The hydration system 102 may take the form of a backpack-based hydration system, which may include a reservoir 106 and a reservoir hose 108. The reservoir 106 may be any type of container (e.g., rigid, malleable, etc.) made from any type of material (e.g., plastic, metal, etc.) that is capable of storing fluid (e.g., water). A reservoir hose 108 carries or delivers the fluid from the reservoir 106 to the device 104. The reservoir hose 108 may be any type of hose or tube that is capable of transporting the fluid from the reservoir 106 to the device 104. Existing backpack-based hydration systems only include a mouthpiece at the end of the reservoir hose 108. Here, the mouthpiece at the end of the reservoir hose 108 is removed and the device 104 is inserted at the same location, or at a location in proximity to where the existing mouthpiece was previously located. In some embodiments, the mouthpiece of the existing backpack-based hydration system may then be inserted at the other end of the device 104.

As stated above, the device 104 may detachably couple to the hydration system 102, such as by a connector 110 of the device 104 attaching or coupling to the reservoir hose 108, or a connector associated with the reservoir hose 108. In some embodiments, a first end of the reservoir hose 108 may be coupled to the reservoir 106 and a second end of the reservoir hose 108 may be detachably coupled to the connector 110 of the device 104. The second end of the reservoir hose 108 may attach or couple to the connector 110 via a coupling mechanism, which may include a snapping mechanism, a screw mechanism, a clicking mechanism, and so on. That is, the connector 110 may snap onto, screw into, or click into the reservoir hose 108, or vice versa. In any event, the connector 110 of the device 104 may fasten to the second end of the reservoir hose 108 in some manner. The fluid stored in the reservoir 106 may be transported through the reservoir hose 108 into the device 104 through the connector 110.
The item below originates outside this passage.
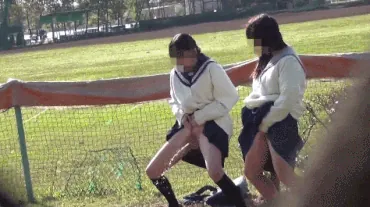 放尿エロGIF画像89枚 JKのトイレ盗撮やギャルの野ションなど勢いがすごいおしっこ集めてみた001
In some embodiments, the connector 110 may not be present in the device 104, such that a first stem 112 of the device 104 is connected directly to the reservoir hose 108. For instance, the reservoir hose 108 may be inserted over a ridged inlet of the first stem 112, and friction may cause the reservoir hose 108 and the first stem 112 to remain connected. In other embodiments, the connector 110 may be integrally formed with a next component of the device 104, such as the first stem 112 or a first valve 114.

The device 104 may optionally include the first stem 112 that is coupled to the connector 110. The first stem 112 may be any type of tubing or hosing that allows the fluid to pass from the connector 110 to a first valve 114. The first stem 112 may be coupled to the connector 110 and/or the first valve 114 in any manner, such as via an adhesive (e.g., glue). In other embodiments, however, the first valve 114 may be coupled directly to the connector 110, and the first stem 112 may not be included in the device 104. Alternatively, the first stem 112 may serve as the connector 110 and may be part of the housing of the first valve 114.

The first valve 114 may be coupled to a bulb 116 of the device 104. In various embodiments, the first valve 114 may control the extent to which the fluid flows into the interior of the bulb 116. For the purposes of this discussion, a valve may correspond to a device that regulates, directs, or controls the flow of the fluid by opening, closing, or partially obstructing a passageway. In general, when the first valve 114 is closed, the fluid may not pass through the first valve 114 into the interior of the bulb 116. However, if the first valve 114 is considered to be open, the fluid may flow in a direction from higher pressure to lower pressure. That is, if the pressure within the interior of the bulb 116 is less than the pressure on the other side of the first valve 114, the fluid is likely to flow through the first valve 114 into the interior of the bulb 116. As discussed in additional detail below, the first valve 114 may be a check valve, which may restrict the fluid to moving only in a single direction through the first valve 114.

In other embodiments, the first valve 114 may allow the fluid to flow into the interior of the bulb 116 in a single direction, thereby allowing the bulb 116 to be filled and/or refilled with the fluid. That is, the fluid may passively flow from the reservoir 106 to the interior of the bulb 116, while the first valve 114 may prevent the fluid from flowing in the opposite direction out of the interior of the bulb 116. As a result, when the bulb 116 is empty, or when some of the fluid flows out of the bulb 116, the first valve 114 may allow the bulb to fill with the fluid. However, in other instances, the first valve 114 may allow the fluid to flow in multiple directions, such that the fluid may flow into and out of the interior of the bulb 116 via the first valve 114.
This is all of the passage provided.